Pipeline Architecture

  1. Person Detection: Deformable DETR for detecting athletes in video frames
  2. Pose Estimation: ViTPose for keypoint detection in occluded scenarios
  3. Pose Tracking: Temporal tracking to maintain athlete identities across frames
  4. Position Classification: Combat position recognition from pose sequences
  5. Rule-based Scoring: Automated point assignment based on BJJ rules

Key Innovations

  • Harmony4D Fine-tuning: Used the 250GB Harmony4D dataset containing close human interactions instead of standard pose datasets
  • ViTPose Optimization: Leveraged transformer-based architecture for better global context understanding
  • PCT Exploration: Investigated Pose as Compositional Tokens for representing poses as discrete, semantically meaningful parts

Results & Performance

Successfully fine-tuned ViTPose on a subset of Harmony4D, achieving 0.649 AP and 0.702 AR - approaching the performance reported in previous research. This represented a significant improvement over standard pose estimation models when applied to grappling scenarios.

The transformer-based approach proved particularly effective at handling occlusions and overlapping limbs common in BJJ positions.

Technical Challenges

Data Scale: The Harmony4D dataset (250GB compressed) created substantial storage and processing difficulties, requiring careful resource management.

GPU Constraints: Frequent memory limitations during training required process restarts and constrained batch sizes, slowing development.

Occlusion Handling: The constant intertwining of athletes made standard pose tracking models struggle with identity swaps and missing keypoints.

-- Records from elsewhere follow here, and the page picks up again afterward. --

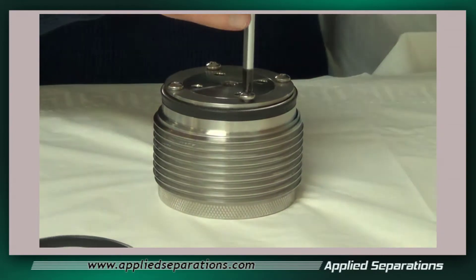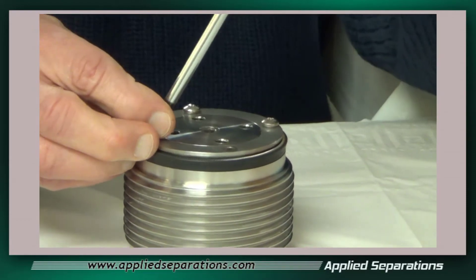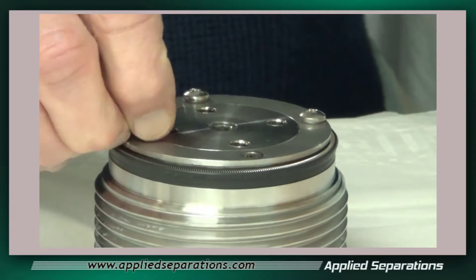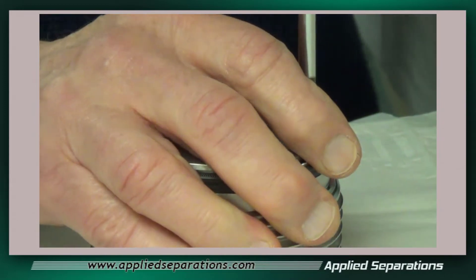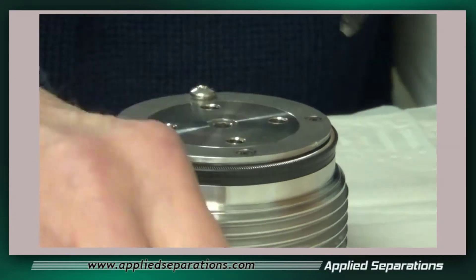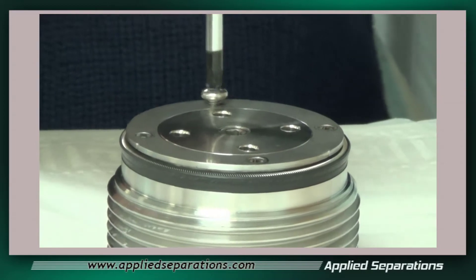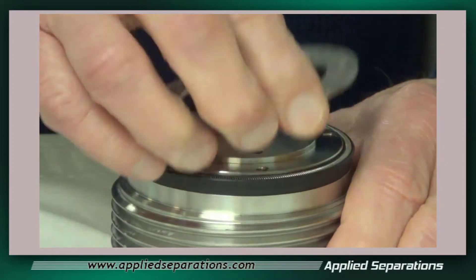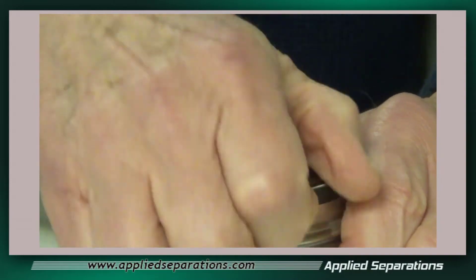We want to remove the cup seal retaining ring. We take the retaining ring off and we can just pull this cup seal off.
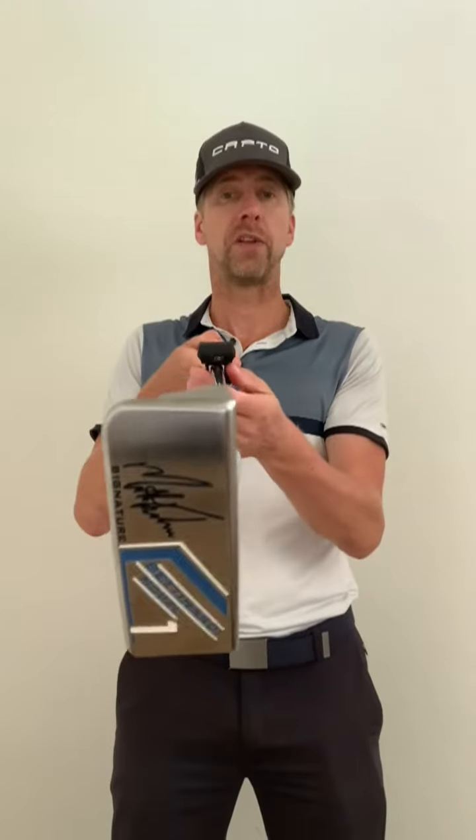Make sure that the sensor is basically 2 thirds up the shaft from the putter head, and make sure that the sensor is at square angles perpendicular to your face.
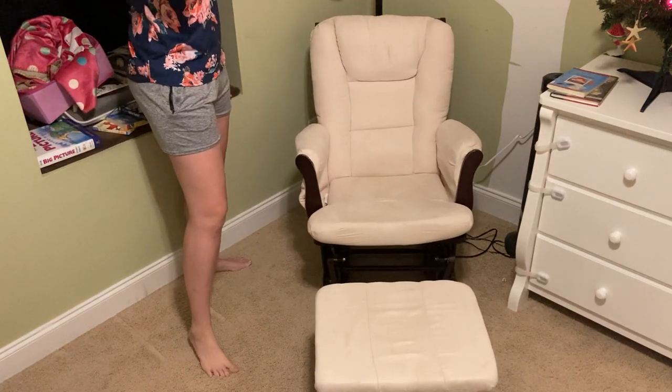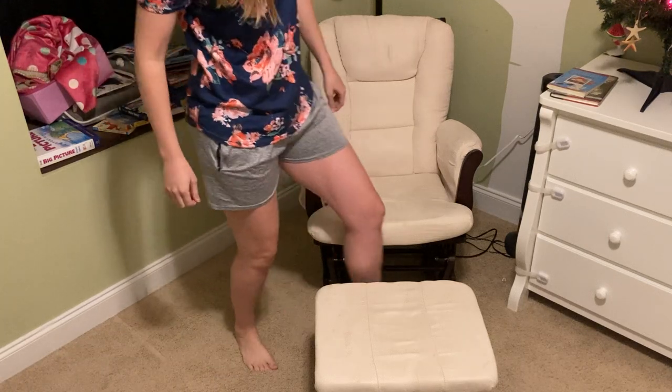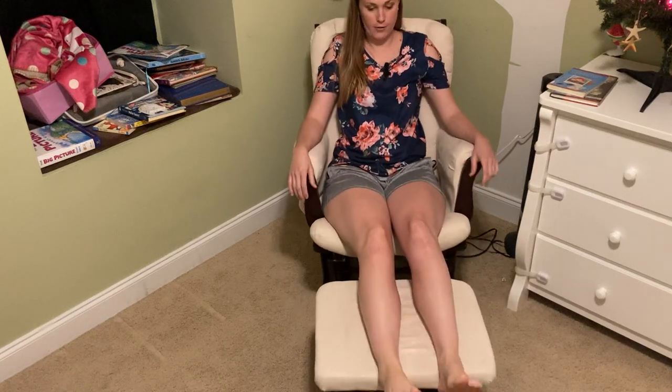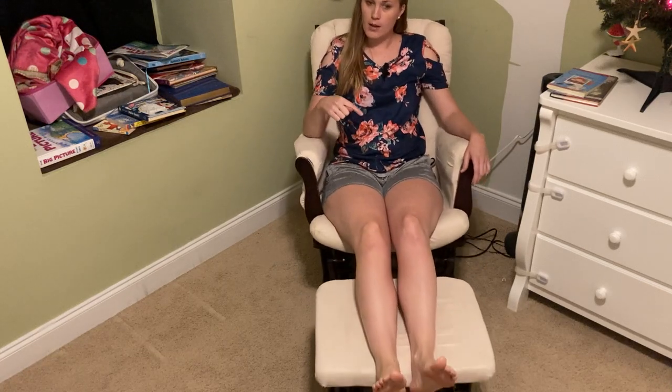I would probably not opt for the linen because there is a little bit of staining that we've gotten, but we've had this thing for four years now. My daughter just turned four and it glides beautifully. You can hear maybe a little bit of that sound.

Limited Documentation: Integrating D-DETR and ViTPose required significant debugging due to sparse documentation and dependency conflicts.

Tech Stack

  • ViTPose: Transformer-based pose estimation with vision transformer backbone
  • Deformable DETR: Sparse attention mechanisms for person detection
  • Harmony4D Dataset: 250GB dataset of close human interactions
  • Brazilian Jiu-Jitsu Positions Dataset: BJJ-specific combat position labels
  • PyTorch: Deep learning framework for model training and fine-tuning

What I Learned

This was my first deep dive into computer vision for sports analytics. I learned how to adapt state-of-the-art models to domain-specific problems and handle massive datasets with limited computational resources.

Fine-tuning transformer models taught me about the importance of dataset quality over quantity - the Harmony4D dataset's focus on close interactions was crucial for our grappling use case.

Working with limited documentation forced me to become more self-sufficient in debugging complex ML pipelines and understanding model architectures from source code.

Future Work

The foundation is solid for completing the full pipeline. Next steps include:

  • Completing the temporal tracking module for consistent athlete identification
  • Implementing the combat position classifier using the BJJ positions dataset
  • Integrating the rule-based scoring system
  • Scaling training to the full Harmony4D dataset for improved accuracy

Impact

This project demonstrates the potential for AI to make sports more objective and fair. Beyond competition, automated scoring provides athletes with valuable tools for self-evaluation during training, helping them understand position control and timing.

The work represents an important step in sports analytics, showing how computer vision can accurately understand and evaluate complex human interactions in athletic contexts.